By 1930 he had joined the Chinese Workers’ and Peasants’ Red Army, the force led by Chu Te and Mao Tse-tung, which was head-quartered in Juichin in southeastern Kiangsi. Keng made the Long March in 1934-35 as commander of the Fourth Regiment of the Second Division commanded by Liu Ya-lou. The Second Division was one of the major components of the First Army Corps led by Lin Piao and Nieh Jung-chen. During the Long March, Keng is credited with a major role in the crossing of the Wu River in Kweichow in January 1935, an episode described in the biography of Liu Ya-lou.

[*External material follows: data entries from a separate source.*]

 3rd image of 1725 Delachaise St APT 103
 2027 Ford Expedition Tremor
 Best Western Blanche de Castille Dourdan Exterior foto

After arriving in northern Shensi at the end of the Long March, Keng was sent to the Red Army Academy at Wa-yao-pao, a small town a little to the east of Pao-an, then the Communist capital. After graduating in 1936, he remained as an instructor, he was thus probably still with the academy after it moved to Yenan in early 1937, when it was renamed the Anti-Japanese Military and Political Academy, more familiarly known by its abbreviated Chinese name, K’ang-ta. Keng’s activities during the early and middle stages of the Sino-Japanese War are not documented, except for the fact that he worked in Yenan at the Eighth Route Army Headquarters.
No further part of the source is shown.